The biggest challenges facing Johnston Carmichael, Manson says, are about investing to ensure the sustainability of the firm’s growth, in technology, facilities, up-to-date practices and people. He says: “It’s recruitment, retention, development. That underpins everything we do.”
The firm took an innovative approach to recruiting tax specialists to its Inverness office, producing a DVD, Why wouldn’t you? that extols the undoubted virtues of the Highlands as an area to live and work. To jaded tax accountants commuting every day on the crowded roads and railways of the Home Counties, the appeal is clear; as is the message that you can have work/life balance and great scenery without losing out on challenging work and interesting clients.
Manson says: “You can work with some of Scotland’s greatest companies but also have an attractive environment in which to do so.”
He goes on: “The most important thing is the atmosphere you create within the firm. Being well rewarded is almost a given in accountancy, but you also have to have an exciting, stimulating environment. It’s important to have interesting work, to have training and to feel part of the business. For example, we share our written strategic plan for the next five years with everyone at Johnston Carmichael, and we consulted with all our people when we were drawing up the firm’s core values.”
Manson trained as a CA with Arthur Andersen in Edinburgh and worked for the firm in London and Zurich. It was when he decided to return to his own part of the world, North-east Scotland, that he joined Johnston Carmichael in Aberdeen, in 1991. He became a partner in 1997, when he also became managing partner of the Aberdeen practice. He became CEO in June 2007 after Patrick Machray retired.
Johnston Carmichael, especially in the 1990s, must have been a contrast to working internationally with what was then one of the biggest accountancy firms. Manson says: “The differences are really to do with having a worldwide brand, at Andersens, as opposed to a countrywide brand. We are just as passionate about our business as any Big Four firm, if not more so.”
The Big Four’s hold on the plc audit sector has been the subject of debate for some time. Manson says: “That is not the market we’re in – we do compete in our market [the owner-managed sector] with the big firms, but competition is a healthy thing.
“Mid-tier firms that aspire to do large company work should get their own houses in order and build up their resources and their capabilities. I’ve never been a believer that you need regulation to do that. I think the market should decide.”
Manson expects to see further rationalisation among smaller and mid-tier firms, especially where smaller firms have no succession plan. He adds: “I also think we’ll see a greater number of strategic alliances. We’ll increasingly see alliances between CA firms and other providers of services, such as financial services or law, in order to provide a one-stop shop for clients.”
Meanwhile, growth is still on the agenda for Johnston Carmichael. The Edinburgh office – in the city’s West End – will be moving this year to bigger, though still central, premises. The Inverness office is also moving and doubling its size, in spring 2009, and the offices in Forfar and Inverurie are also expanding.
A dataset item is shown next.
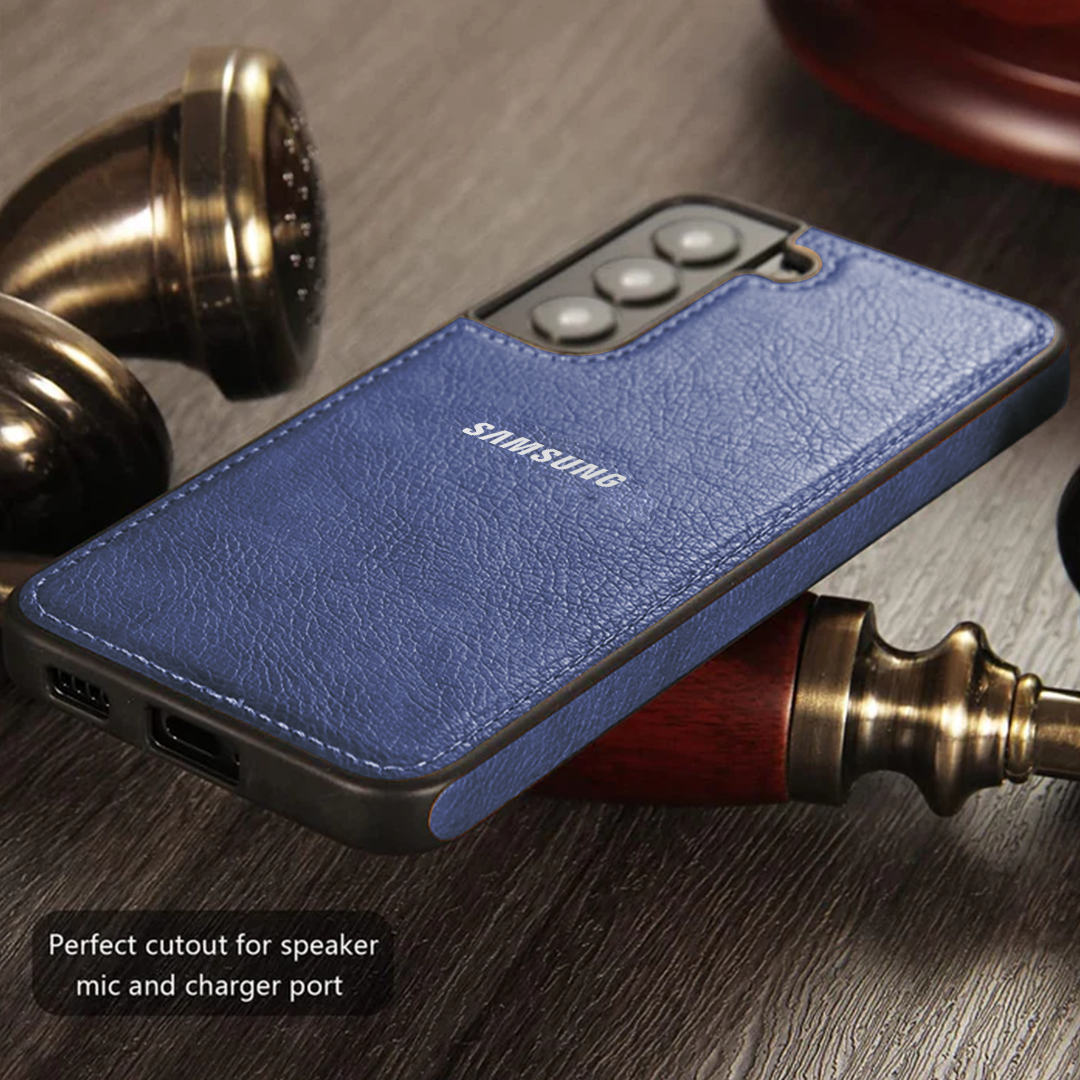 Galaxy S23 5G Drop Protection | Raised Camera Edges Protective Back Leather Case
Manson says: “It is good news, because we’re growing, but the property issue is a challenge!”
Johnston Carmichael’s clients are mainly owner-managed businesses and still include many farming businesses in north-east Scotland. Despite his ambitions for growth, Manson has stayed close to his firm’s roots. He is a burgess of the City of Aberdeen and a former director of the Royal Highland and Agricultural Society of Scotland, as well being involved with a number of local charitable, sporting and political bodies – he was a Conservative parliamentary candidate in 1992.
Manson lives, with his wife Barbara and two sons, on the family farm in Aberdeen. He loves it – as the firm’s DVD puts it: “Why wouldn’t you?”